Alternative water supply system for southern California earns top industry honour

Consultants Black & Veatch are celebrating after the Orange County Water District’s Groundwater Replenishment System (GWRS) Initial Expansion project, an alternative water supply system that bolsters water security for a large portion of southern California which they designed, was chosen to receive the prestigious Water Environment Federation (WEF) Project Excellence Award. 

The award, which is due to be presented during the WEF’s annual conference in New Orleans later this month, recognises outstanding programs and product execution in the water sector. Among other criteria, projects are evaluated on innovation, sustainability and community benefit.

The $142m expansion, completed in 2015, adds 30 million gallons per day (MGD) of capacity to Orange County’s Advanced Water Purification Facility (AWPF), the world’s largest planned indirect potable reuse system. The AWPF takes wastewater treated to secondary levels from the Orange County Sanitation District’s neighbouring Fountain Valley Plant No. 1 and uses a state-of-the-art process to produce ultra-pure water that meets or exceeds state and federal drinking water standards. The system now produces enough new water for about 850,000 people at roughly half the cost of water supplies taken in from other sources.

“The GWRS Initial Expansion is a prime example of resilient and holistic water planning,” said Cindy Wallis-Lage, president of Black & Veatch’s water business. “This is a locally controlled, essentially drought-proof system that brings reliability and supply security to the Orange County region. To expand this facility’s production while other sources of supply around the state were being restricted due to extreme, prolonged drought truly shows the power of alternative water supply solutions such as water reclamation and water reuse,” she said.

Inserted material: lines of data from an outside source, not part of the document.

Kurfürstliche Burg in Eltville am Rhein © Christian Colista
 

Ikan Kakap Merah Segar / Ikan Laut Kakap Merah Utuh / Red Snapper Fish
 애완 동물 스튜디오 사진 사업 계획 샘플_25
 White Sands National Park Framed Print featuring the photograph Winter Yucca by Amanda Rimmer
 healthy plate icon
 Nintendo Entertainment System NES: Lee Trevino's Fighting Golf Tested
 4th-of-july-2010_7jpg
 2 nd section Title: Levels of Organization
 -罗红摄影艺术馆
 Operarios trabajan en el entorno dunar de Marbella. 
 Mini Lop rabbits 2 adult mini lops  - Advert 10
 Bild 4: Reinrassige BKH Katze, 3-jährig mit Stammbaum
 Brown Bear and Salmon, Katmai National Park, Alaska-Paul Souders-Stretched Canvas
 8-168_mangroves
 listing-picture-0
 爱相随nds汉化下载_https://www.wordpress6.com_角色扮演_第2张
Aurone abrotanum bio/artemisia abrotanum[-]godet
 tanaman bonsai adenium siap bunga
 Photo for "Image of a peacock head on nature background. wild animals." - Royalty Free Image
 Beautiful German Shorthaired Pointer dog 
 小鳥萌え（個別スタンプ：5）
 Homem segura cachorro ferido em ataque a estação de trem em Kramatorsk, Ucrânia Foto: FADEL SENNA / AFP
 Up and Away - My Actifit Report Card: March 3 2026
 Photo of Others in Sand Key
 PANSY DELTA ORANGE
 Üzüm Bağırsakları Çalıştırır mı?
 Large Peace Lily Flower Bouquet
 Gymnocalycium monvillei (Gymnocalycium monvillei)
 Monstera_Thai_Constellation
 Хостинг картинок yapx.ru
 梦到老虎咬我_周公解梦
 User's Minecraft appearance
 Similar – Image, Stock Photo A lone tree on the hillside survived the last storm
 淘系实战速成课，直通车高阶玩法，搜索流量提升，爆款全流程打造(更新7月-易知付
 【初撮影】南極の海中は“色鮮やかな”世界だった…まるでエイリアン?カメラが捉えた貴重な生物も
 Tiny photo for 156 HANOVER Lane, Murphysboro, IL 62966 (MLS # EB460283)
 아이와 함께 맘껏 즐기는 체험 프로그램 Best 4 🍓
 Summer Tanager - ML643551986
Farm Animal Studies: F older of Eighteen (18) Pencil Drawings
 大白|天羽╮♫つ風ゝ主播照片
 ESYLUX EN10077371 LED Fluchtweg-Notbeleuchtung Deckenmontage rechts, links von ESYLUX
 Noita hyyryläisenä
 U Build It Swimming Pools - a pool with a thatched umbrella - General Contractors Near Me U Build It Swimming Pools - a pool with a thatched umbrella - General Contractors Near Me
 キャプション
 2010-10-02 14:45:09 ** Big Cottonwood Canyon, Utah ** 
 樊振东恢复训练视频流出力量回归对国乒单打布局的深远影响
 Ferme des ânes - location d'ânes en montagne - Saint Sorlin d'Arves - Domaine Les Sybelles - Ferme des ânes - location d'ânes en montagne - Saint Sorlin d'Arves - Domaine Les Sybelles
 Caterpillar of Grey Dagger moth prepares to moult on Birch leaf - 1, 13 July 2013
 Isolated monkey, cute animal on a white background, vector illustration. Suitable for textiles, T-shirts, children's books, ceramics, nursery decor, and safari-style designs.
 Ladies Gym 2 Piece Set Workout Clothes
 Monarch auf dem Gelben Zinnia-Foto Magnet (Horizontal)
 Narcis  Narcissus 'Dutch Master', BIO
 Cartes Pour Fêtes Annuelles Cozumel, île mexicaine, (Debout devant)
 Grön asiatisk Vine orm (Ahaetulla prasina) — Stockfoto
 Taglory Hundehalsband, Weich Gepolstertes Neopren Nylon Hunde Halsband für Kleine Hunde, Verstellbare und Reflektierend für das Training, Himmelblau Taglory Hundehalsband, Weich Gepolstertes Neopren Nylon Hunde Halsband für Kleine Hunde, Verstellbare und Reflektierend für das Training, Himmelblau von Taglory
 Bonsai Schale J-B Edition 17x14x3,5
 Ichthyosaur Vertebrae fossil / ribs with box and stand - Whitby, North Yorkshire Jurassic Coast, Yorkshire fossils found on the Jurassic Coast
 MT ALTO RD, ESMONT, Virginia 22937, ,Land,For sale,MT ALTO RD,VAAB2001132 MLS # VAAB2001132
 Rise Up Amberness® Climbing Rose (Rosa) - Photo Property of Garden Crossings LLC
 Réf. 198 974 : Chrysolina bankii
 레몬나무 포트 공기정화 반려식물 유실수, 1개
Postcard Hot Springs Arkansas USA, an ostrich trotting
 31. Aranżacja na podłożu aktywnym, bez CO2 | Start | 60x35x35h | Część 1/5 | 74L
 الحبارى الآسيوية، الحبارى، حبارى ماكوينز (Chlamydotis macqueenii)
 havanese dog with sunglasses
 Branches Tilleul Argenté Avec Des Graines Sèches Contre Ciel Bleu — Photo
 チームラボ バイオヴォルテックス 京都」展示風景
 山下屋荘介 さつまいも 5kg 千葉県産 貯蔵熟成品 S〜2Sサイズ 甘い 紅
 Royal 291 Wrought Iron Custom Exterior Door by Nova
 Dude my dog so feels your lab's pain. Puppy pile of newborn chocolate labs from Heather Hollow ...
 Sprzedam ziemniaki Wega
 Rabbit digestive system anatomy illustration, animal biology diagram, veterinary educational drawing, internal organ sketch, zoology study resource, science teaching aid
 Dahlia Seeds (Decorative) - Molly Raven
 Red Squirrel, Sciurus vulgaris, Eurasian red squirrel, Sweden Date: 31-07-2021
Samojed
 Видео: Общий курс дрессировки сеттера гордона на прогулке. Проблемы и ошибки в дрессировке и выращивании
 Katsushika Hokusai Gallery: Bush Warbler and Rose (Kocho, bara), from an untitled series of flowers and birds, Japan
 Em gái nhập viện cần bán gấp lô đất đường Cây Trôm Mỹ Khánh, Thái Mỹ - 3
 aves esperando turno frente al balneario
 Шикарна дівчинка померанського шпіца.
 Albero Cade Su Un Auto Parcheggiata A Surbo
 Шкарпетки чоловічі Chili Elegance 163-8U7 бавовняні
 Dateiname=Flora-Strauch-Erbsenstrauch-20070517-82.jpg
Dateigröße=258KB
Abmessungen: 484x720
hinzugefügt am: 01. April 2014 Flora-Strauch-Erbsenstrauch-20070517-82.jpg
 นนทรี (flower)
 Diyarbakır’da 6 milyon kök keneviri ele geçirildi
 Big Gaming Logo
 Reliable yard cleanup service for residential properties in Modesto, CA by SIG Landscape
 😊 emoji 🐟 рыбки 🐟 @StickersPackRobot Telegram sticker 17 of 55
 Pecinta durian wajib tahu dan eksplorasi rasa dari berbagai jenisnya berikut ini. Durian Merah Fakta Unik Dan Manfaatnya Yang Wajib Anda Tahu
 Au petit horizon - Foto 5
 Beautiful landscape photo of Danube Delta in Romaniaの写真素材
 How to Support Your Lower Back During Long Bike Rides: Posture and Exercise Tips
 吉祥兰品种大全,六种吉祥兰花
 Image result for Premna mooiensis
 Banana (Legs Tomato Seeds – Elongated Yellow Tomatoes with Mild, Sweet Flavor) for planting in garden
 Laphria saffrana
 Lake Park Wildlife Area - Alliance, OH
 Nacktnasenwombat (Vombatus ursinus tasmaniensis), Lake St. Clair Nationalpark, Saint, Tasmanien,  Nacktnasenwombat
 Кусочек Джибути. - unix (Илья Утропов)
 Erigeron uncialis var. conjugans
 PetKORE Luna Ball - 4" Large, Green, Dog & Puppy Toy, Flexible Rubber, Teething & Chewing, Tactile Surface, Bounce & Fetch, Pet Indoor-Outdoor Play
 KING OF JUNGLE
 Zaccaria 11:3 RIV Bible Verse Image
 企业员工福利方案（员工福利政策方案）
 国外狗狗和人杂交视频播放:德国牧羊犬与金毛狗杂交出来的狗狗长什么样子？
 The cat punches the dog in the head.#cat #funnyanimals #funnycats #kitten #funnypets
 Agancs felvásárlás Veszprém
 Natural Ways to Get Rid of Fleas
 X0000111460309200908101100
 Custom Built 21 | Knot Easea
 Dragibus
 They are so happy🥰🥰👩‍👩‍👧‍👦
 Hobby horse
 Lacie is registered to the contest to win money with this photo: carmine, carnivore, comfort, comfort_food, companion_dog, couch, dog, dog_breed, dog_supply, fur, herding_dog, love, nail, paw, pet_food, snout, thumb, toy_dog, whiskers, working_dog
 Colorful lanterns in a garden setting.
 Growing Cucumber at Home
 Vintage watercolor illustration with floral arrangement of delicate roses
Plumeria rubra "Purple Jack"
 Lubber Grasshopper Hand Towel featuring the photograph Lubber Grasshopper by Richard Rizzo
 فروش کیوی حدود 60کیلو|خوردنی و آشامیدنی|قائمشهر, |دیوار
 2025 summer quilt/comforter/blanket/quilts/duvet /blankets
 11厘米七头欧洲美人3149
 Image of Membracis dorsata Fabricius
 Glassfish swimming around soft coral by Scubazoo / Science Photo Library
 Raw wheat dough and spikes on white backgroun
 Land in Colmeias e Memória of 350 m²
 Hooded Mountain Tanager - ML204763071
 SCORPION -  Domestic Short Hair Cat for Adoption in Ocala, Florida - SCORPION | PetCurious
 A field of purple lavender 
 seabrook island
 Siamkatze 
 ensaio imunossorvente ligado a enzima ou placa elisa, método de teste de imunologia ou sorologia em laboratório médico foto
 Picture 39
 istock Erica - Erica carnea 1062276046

In addition to raising capacity from 70 to 100 MGD, the project presented opportunities to reduce operating costs by optimising system performance. Flow equalisation, energy recovery devices and a new corrosion-minimising lime system were implemented to help the GWRS operate more efficiently. 

Energy recovery devices were implemented in the expanded reverse osmosis system to capture energy lost during the process. They are projected to save 14 million kilowatt-hours and $1.3 million annually for the life of the system while reducing greenhouse gas emissions by an estimated 14 million pounds each year.

Construction of the original GWRS was jointly funded by both the Orange County Water District and the Orange County Sanitation District.